Enterprise Grid Computing Solutions
Recently I realized I had got a bit fuzzy on the difference between clustered computing and grid computing. I found a good explanation at a page entitled Enterprise Grid Computing Solutions. According to them, my conflation of the two is not unusual. Here's how the folks at Avarsys (http://www.avarsys.com) clarify the similarities and differences with a good example, along with another from Matt Michie at the HiveArchive.
First,
| Aspect | Cluster | Grid |
|---|---|---|
| Homogeneity | Single type of processor/OS | Any number of different types of processor/OS |
| Resource Types | Computation | Computation, I/O, Storage |
| Architectural Volatility | Static: Fixed number of processors and other resources | Dynamic: Resources can come and go |
| Co-Location | Highly localized | Can be anywhere on the LAN/WAN/Internet |
| Scalability | Limited by network latency | Limited by currently-available resources; scales upward easily as more become available |
The offer this example of the advantages of a grid architecture:
Grids offer increased scalability. Physical proximity and network latency limit the ability of clusters to scale out; due to their dynamic nature, grids offer the promise of high scalability.
For example, recently, IBM, United Devices, and multiple life-science partners completed a grid project designed to identify promising drug compounds to treat smallpox. The grid consisted of approximately two million personal computers. Using conventional means, the project most probably would have taken several years — on the grid it took six months. Imagine what could have happened if there had been 20 million PCs on the grid. Taken to the extreme, the smallpox project could have been completed in minutes.
Clusters are better at algorithmic problems that require lots of computational power and frequent if not continual communication between processes executing in parallel, for example a large e-commerce site. The loose coupling of grids makes them better for searching and sorting problems, which is why Google has done so well, as described in a post from the HiveArchive entitled The Coming Battle Over Grid Computing and Internet Services:
Some have estimated that Google’s data centers have well over 100,000 COTS PC’s setup in a distributed grid. Google is running Linux, which can run headless without a video card, or the need to install any GUI package. Linux has been “designed” to be completely scriptable from a command line interface.
Google's grid sounds pretty cluster-like compared to the life-science grid we saw above. As one moves farther from the cluster and closer to an unmistakable grid, one of the key problems to solve is intermittent connectivity, which I described in my 2001 scenario planning paper on application architectures as one of the key issues for computing in the coming decade (now half gone).

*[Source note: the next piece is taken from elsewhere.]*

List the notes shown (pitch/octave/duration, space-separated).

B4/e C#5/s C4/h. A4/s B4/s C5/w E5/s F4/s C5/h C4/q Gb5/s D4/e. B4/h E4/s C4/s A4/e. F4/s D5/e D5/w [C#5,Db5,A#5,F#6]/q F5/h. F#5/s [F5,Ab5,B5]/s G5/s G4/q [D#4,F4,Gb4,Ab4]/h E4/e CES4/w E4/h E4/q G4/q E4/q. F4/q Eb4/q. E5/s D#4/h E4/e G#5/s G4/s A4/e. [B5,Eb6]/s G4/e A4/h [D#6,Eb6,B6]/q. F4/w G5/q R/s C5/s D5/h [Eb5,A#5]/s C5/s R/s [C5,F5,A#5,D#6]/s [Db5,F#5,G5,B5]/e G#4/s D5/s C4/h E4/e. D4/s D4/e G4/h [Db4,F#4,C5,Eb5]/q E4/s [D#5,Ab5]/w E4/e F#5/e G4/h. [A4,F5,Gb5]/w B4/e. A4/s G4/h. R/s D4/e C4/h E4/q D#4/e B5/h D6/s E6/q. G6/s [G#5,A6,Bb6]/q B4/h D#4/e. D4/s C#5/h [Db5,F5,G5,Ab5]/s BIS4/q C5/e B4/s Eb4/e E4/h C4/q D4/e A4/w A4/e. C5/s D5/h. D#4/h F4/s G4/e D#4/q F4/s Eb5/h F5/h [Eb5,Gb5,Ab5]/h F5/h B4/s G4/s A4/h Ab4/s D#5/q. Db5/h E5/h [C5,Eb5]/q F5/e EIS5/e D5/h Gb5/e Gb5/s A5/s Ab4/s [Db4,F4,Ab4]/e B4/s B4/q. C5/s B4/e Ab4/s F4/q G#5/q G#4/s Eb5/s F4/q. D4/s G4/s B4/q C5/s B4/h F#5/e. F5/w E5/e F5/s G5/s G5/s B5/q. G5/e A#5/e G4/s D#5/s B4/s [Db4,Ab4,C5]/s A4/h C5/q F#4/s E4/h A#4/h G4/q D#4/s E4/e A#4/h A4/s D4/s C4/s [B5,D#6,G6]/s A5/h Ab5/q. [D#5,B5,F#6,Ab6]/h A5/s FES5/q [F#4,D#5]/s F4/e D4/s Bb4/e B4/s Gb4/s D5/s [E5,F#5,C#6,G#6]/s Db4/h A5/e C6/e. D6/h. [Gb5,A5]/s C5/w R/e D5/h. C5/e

We saw a life science example, but is this really key to the future of medical informatics, in particular research informatics? The National Cancer Institute definitely thinks so, as evidenced by their caGRID project, part of their Cancer Bioinformatics Grid initiative (aka caBIG™):
caGrid 0.5 is providing the necessary infrastructure for caBIG applications to leverage the following grid infrastructure capabilities:
- Indexing and Registry Services
- Metadata Management
- Common Data Elements
- Controlled Vocabulary Semantics
- XML Schema Management
- Security Services
- Discovery and Invocation
- Data Service Toolkit
- Analytical Service Toolkit
It will be fascinating to see how this plays out. I'm really curious to see how this plays out, especially as the grid architecture becomes enmeshed with the agent architectures I have been watching for the past several years and written about recently in regard to Novo Innovations in my post entitled Agent Architectures - the next paradigm for software engineering?.